Interesting article about how freely-downloadable music doesn't have to mean the end of people making money from music. People will pay for convenience, personalisation, and value-added, difficult-to-copy extras, even if they won't pay for music. Open source is doing the same thing for software, and the industry is recognising and responding to the trend. The music industry should take a leaf from the software industry's book.
Today I have been testing Biscuit, yet another web application framework in the style of Rails. This one is fairly lightweight and written in PHP. I got off to a flying start, and found I could do a fair amount without too much trouble (e.g. pulling records from the database and rendering them as HTML). The trouble started when I tried to do inserts and updates: as the system is centred on PostgreSQL, and I was using MySQL, the insert and update queries didn't work correctly out of the box. I dug around in the code and found that despite using PEAR::DB as a database layer, manual SQL statement construction was still going on. I fixed and generalised this using the PEAR::DB autoExecute methods, which will take an array of field values, keyed by field names, and construct an insert or update statement. This got everything working (at least for MySQL).

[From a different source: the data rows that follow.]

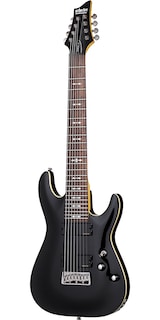 Foto 1 | Guitarra Eléctrica Schecter Omen-8 Sólida 8 Cuerdas Blk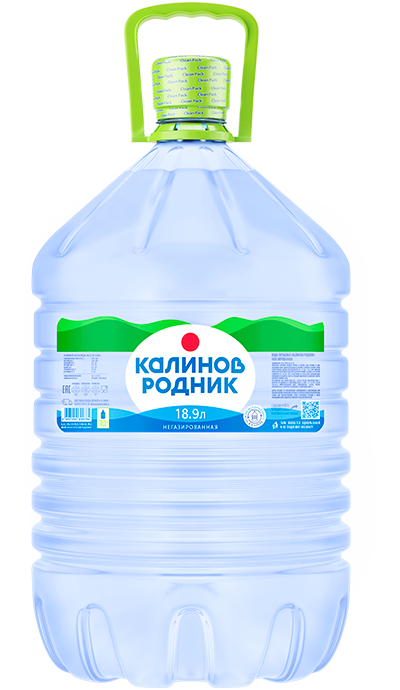 Вода питьевая «Калинов Родник» 18,9 л. негазированная, ПЭТ – доставка воды «Калинов Родник»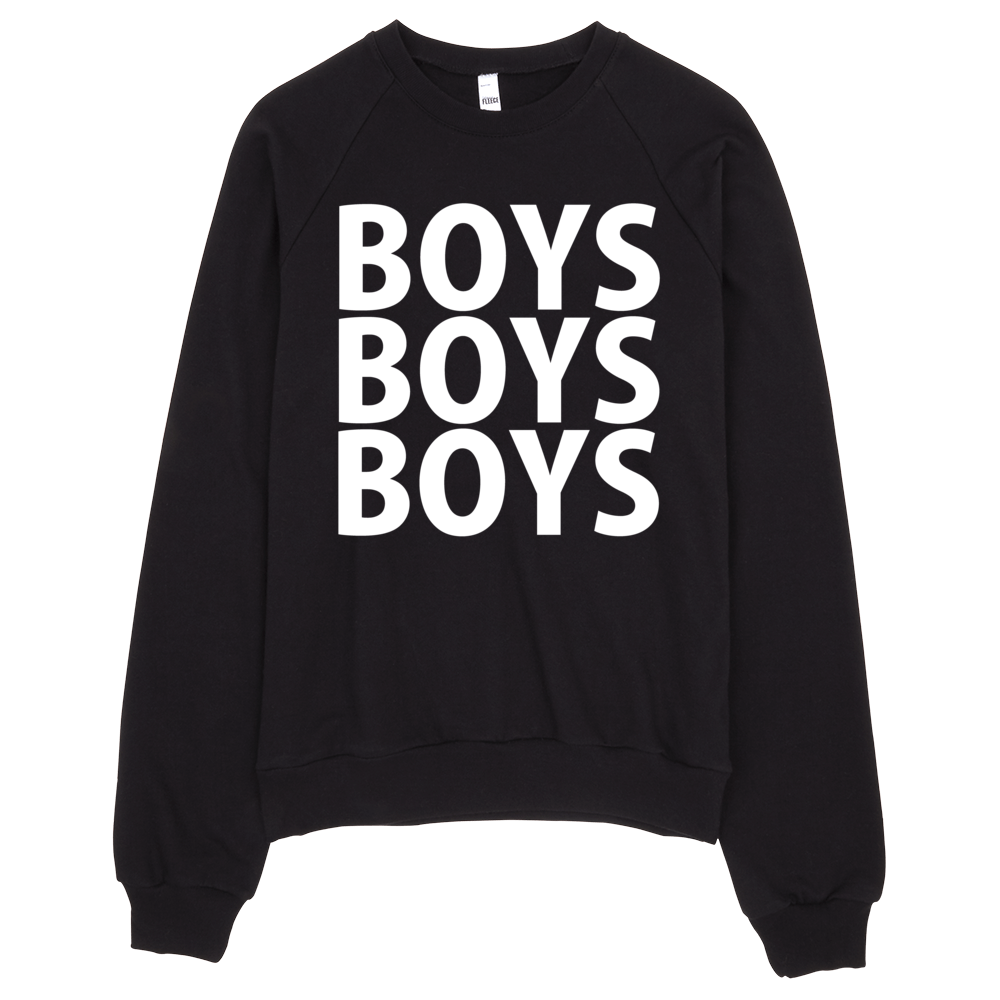 Boys Boys Boys Sweatshirt - Black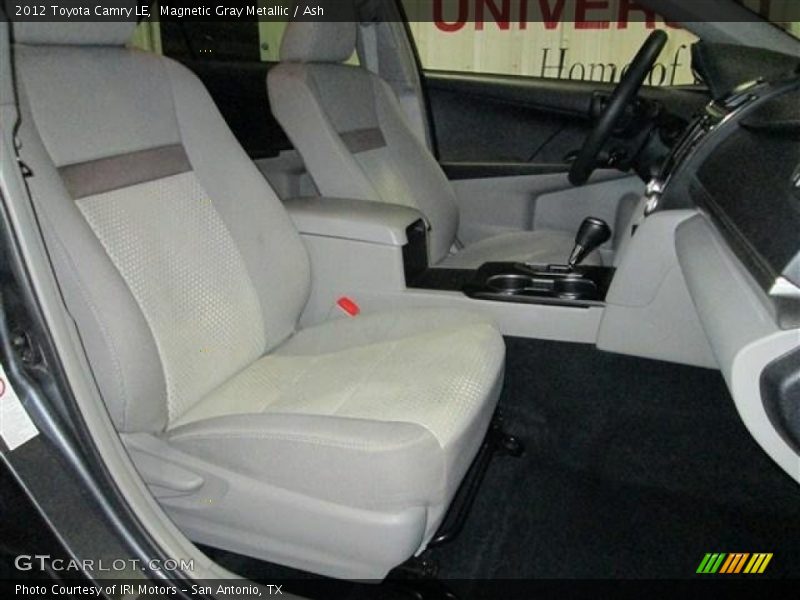 Magnetic Gray Metallic / Ash 2012 Toyota Camry LE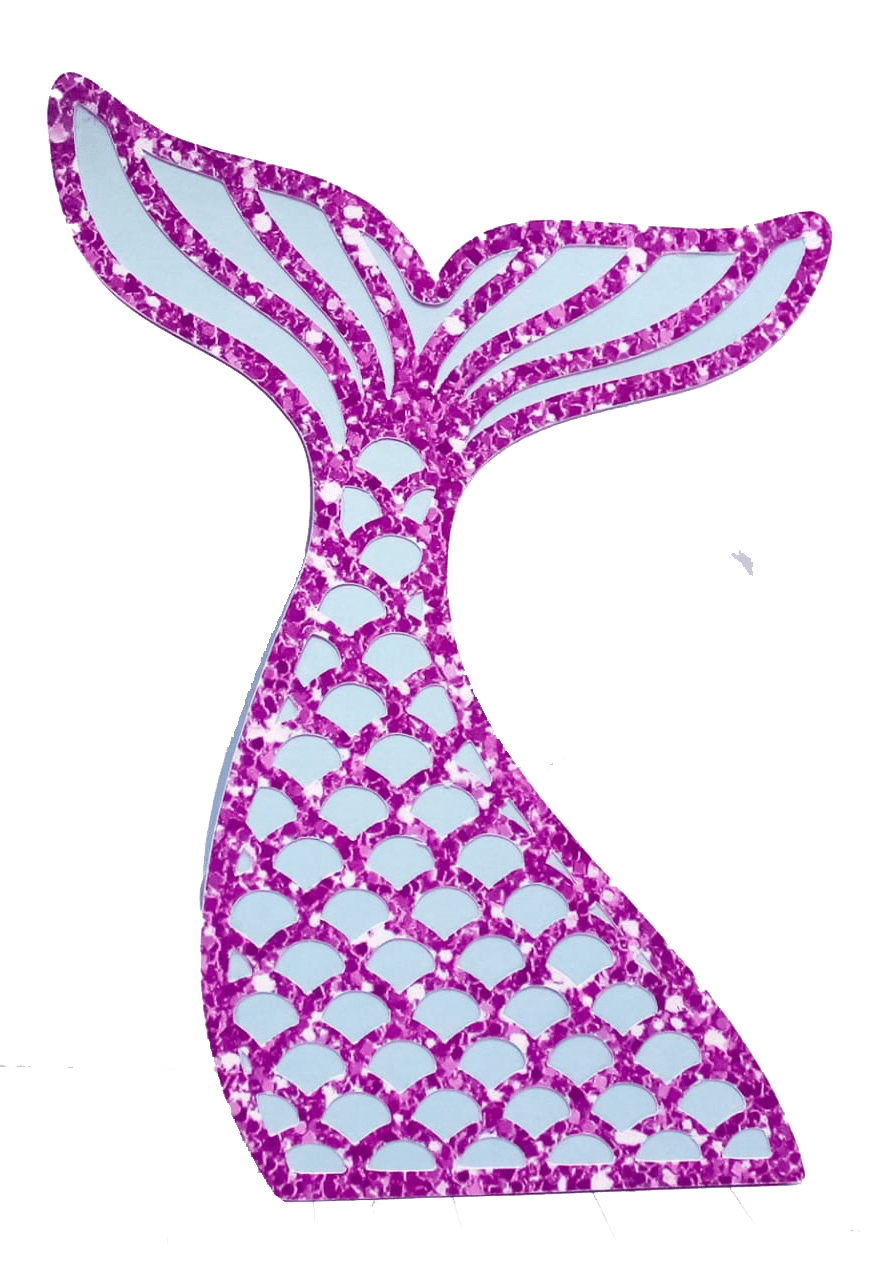 Mermaid tail pin page clipart clip art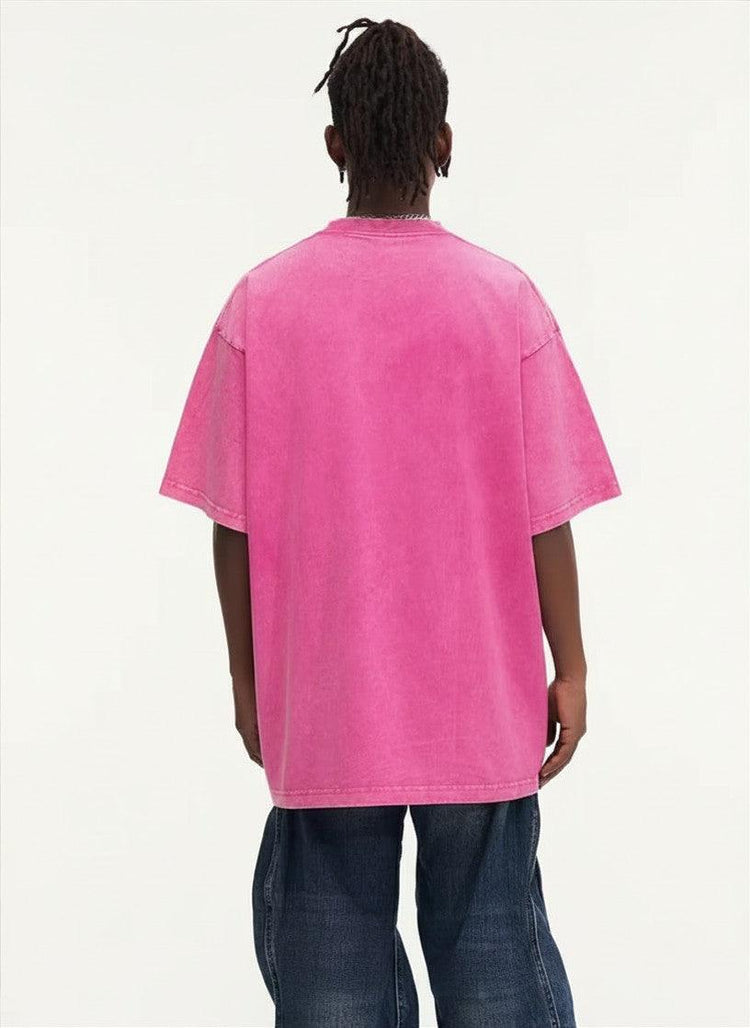 Unisex Washed Oversized T-Shirt – Vintage Cotton Loose Fit Casual Tee unisex-tshirt AllTrendMart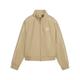 Trainingsjacke PUMA "T7 Damen" Gr. M, beige (prairie tan beige) Damen Jacken Übergangsjacken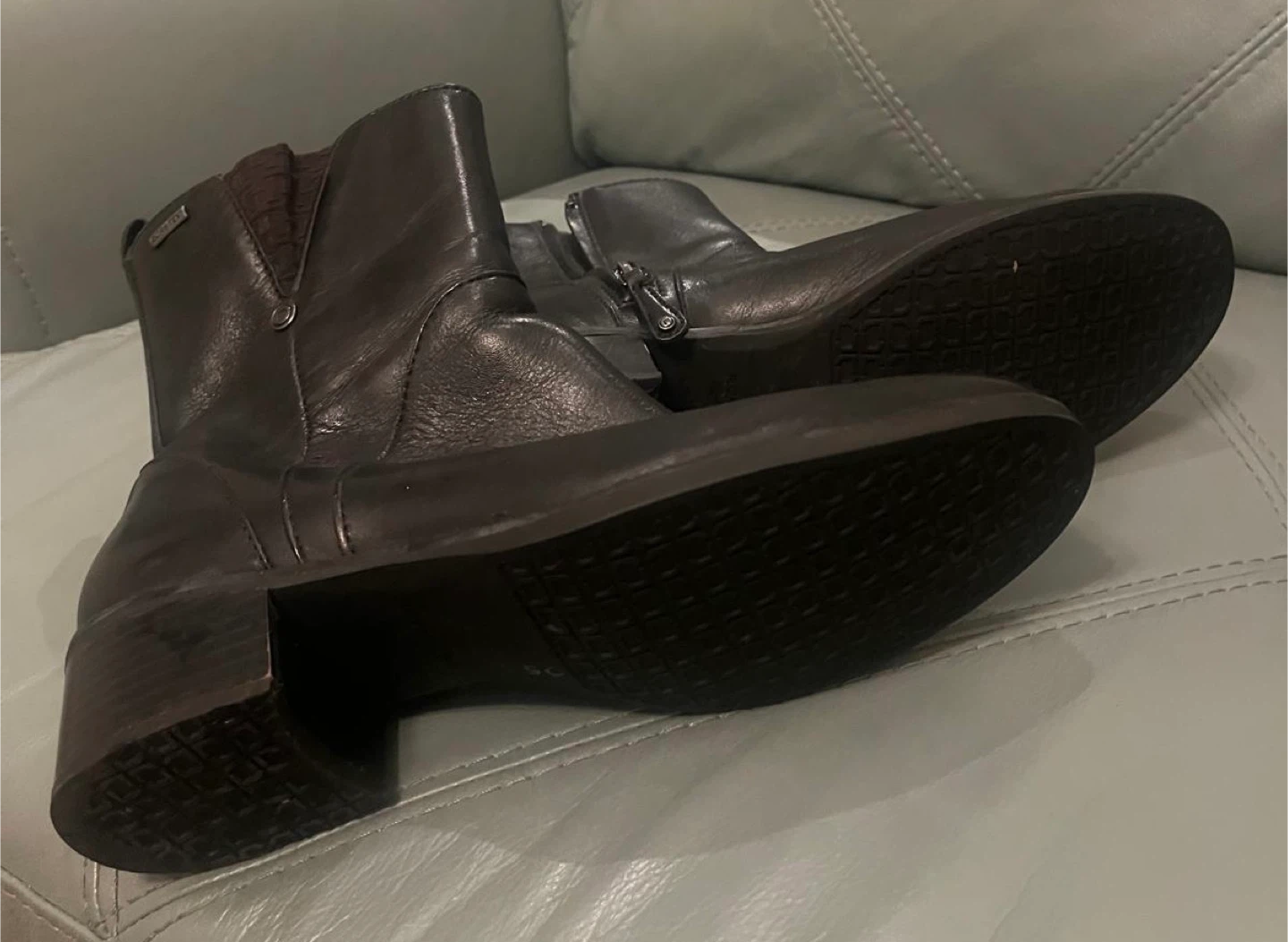 Women's Black Leather Ankle Boots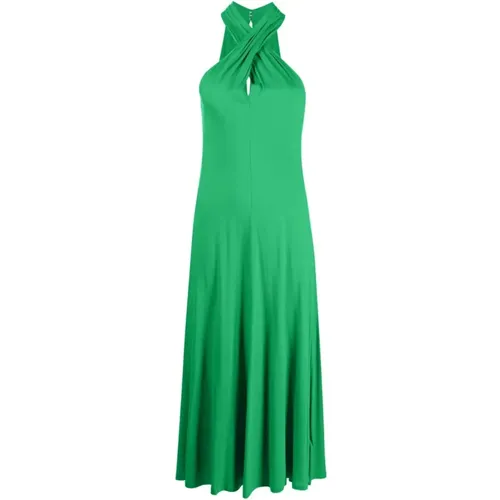 Grünes Mini-Kleid Bianca Cocktail , Damen, Größe: M - Polo Ralph Lauren - Modalova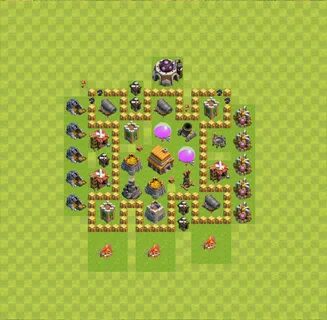 Trophy (Defense) Base TH5 - Clash of Clans - Town Hall Level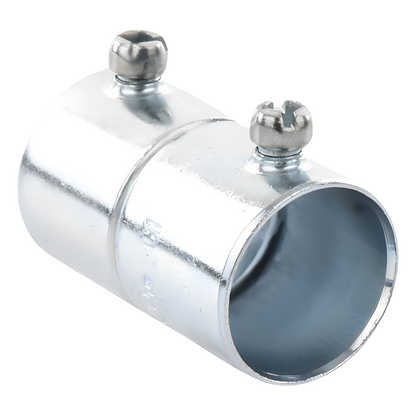 Cople 3/4" (19mm) Pared Delgada Con Tornillo (Tipo Americano) Galvanizado, Etiqueta Verde.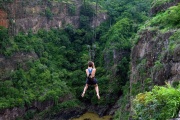 Zipline in  in Victoria Falls
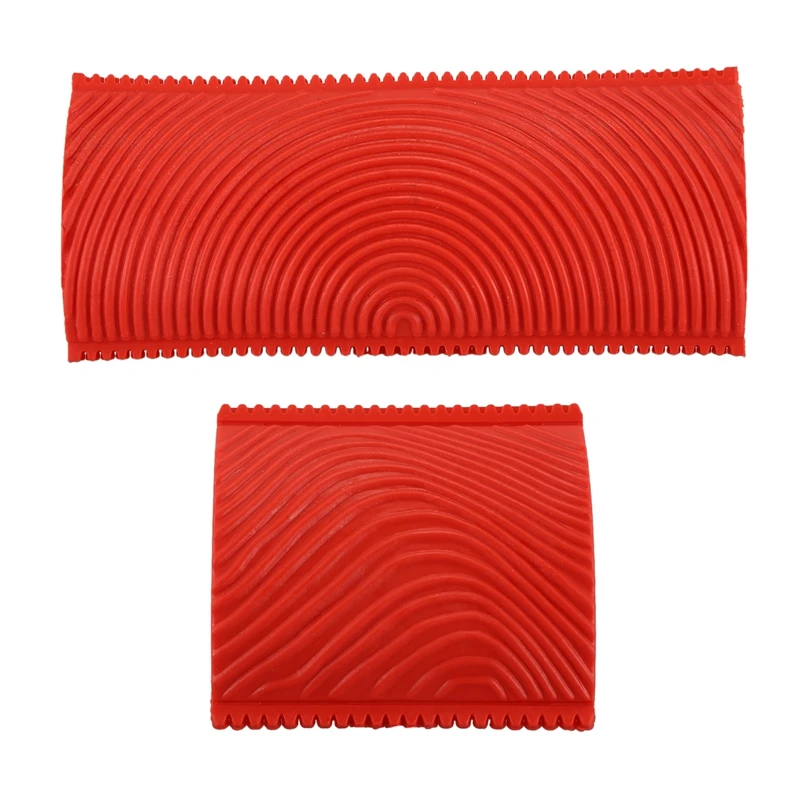 

2PCS 3 Inch 6 Inch Imitation Wood Grain Paint Roller Brush Wall Painting Tool sets Wall Texture Art Painting Tool Set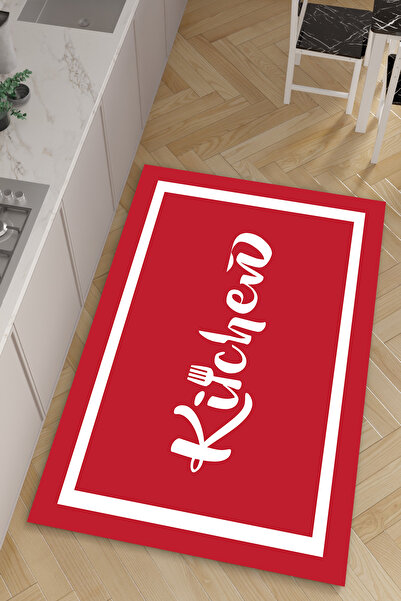 HalıOnline Dijital Baskılı Makinede Yıkanabilir Antialerjik Kaymaz Leke Tutma...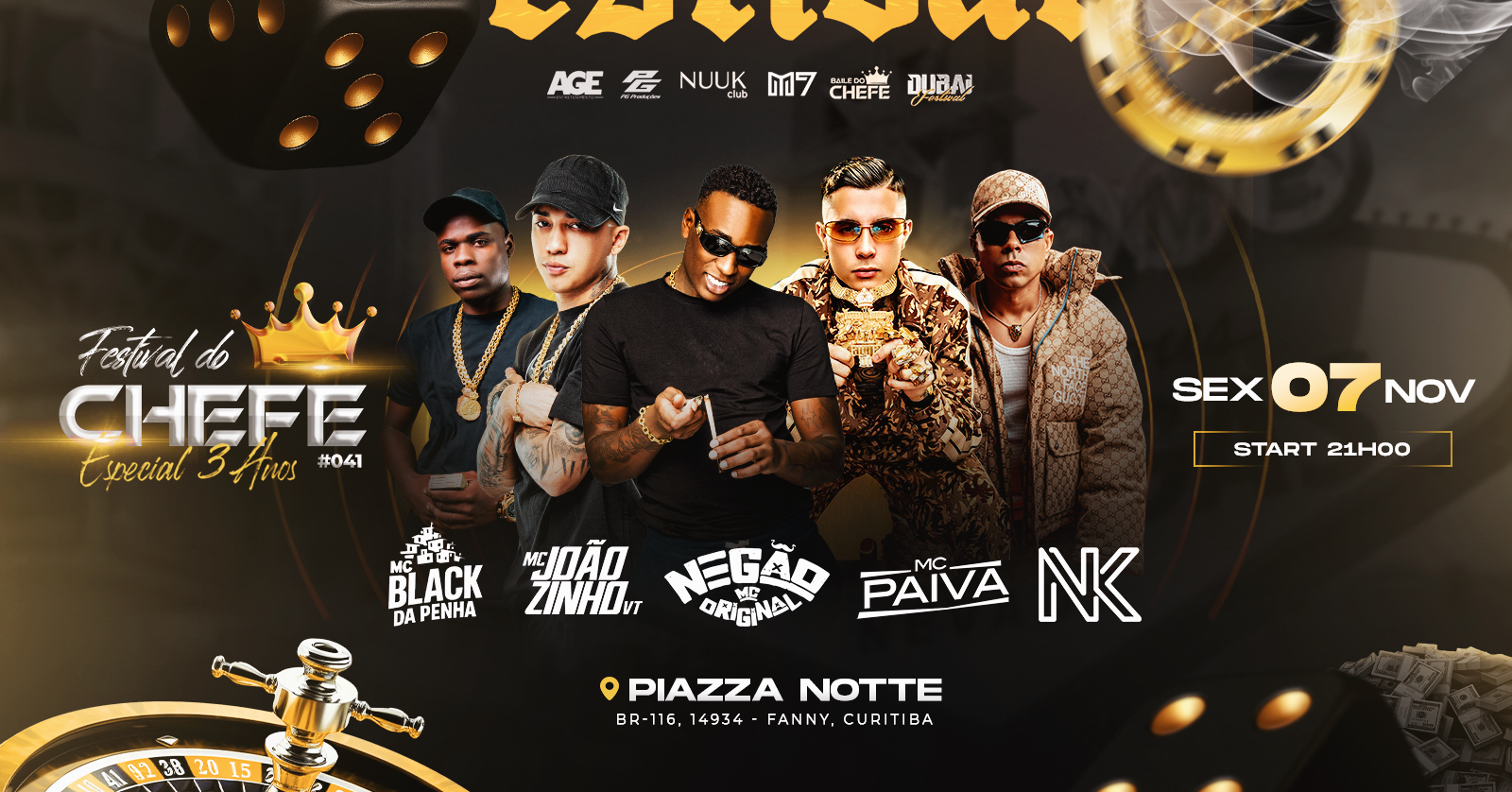 Festival do Chefe no Piazza Notte em Curitiba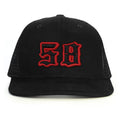 58 Numara Snapback Şapka - siyah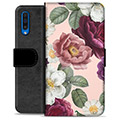 Samsung Galaxy A50 prémiové puzdro na peňaženku - Romantické kvety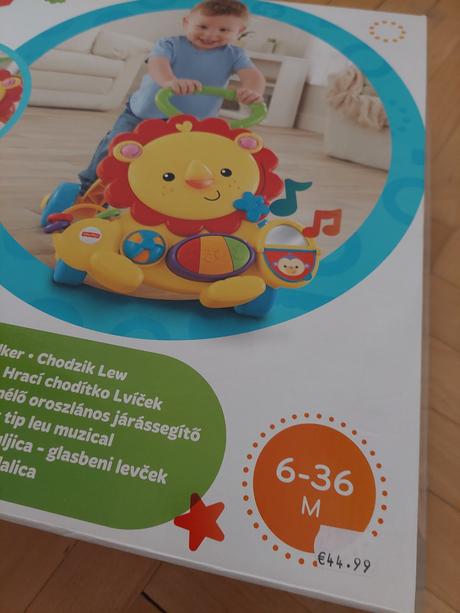 Chodítko fischer price levík,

However, the next problem occurred with validation. I could get it to sort of work, but displaying the error messages under the fields isn't straightforward. Despite using the supplied functions for this, I didn't get very far. And at this point I gave up.
It's a fairly good, neat little framework, but it feels a bit like a hobby project which isn't really designed to work across multiple databases (unlike Ruby on Rails, which does work). Plus there are some hard-coded bits and pieces in there which ought to have been generalised out more. Another missing feature is the ability to specify which field is used for the primary key: if you've got legacy tables without an field called id, you could be a bit buggered. It's this plus other niggles (like the lack of an implementation for <form> tags, no URL rewriting built in, etc.) which has driven me straight back to Rails.
I have looked at Cake before, which is more complex, but more satisfying to use. It feels more generic, and covers more of the functionality of Rails. However, using these two has made me aware how great the documentation is for Rails. Granted, it's not perfect, but it is very, very good. Compared to this, Biscuit has a sketchy tutorial, while Cake has some fairly good documentation (though frustratingly incomplete in places). Don't underestimate the importance of documentation when deciding which open source software to use: for me, it's the number one consideration. I'd rather have a sparse piece of software with excellent documentation than something all-singing and all-dancing which I can't comprehend. Plus of course Dave Thomas' Ruby on Rails book is superb.
I'm really enjoying playing Ultracorps, and so far it's going well. At the end of turn 3, this is where I am in the rankings (out of 393 players):

Not bad, eh? Sad too, though. Plus I haven't had to deal with any real baddies yet, or opposition players (i've stayed out of their way so far).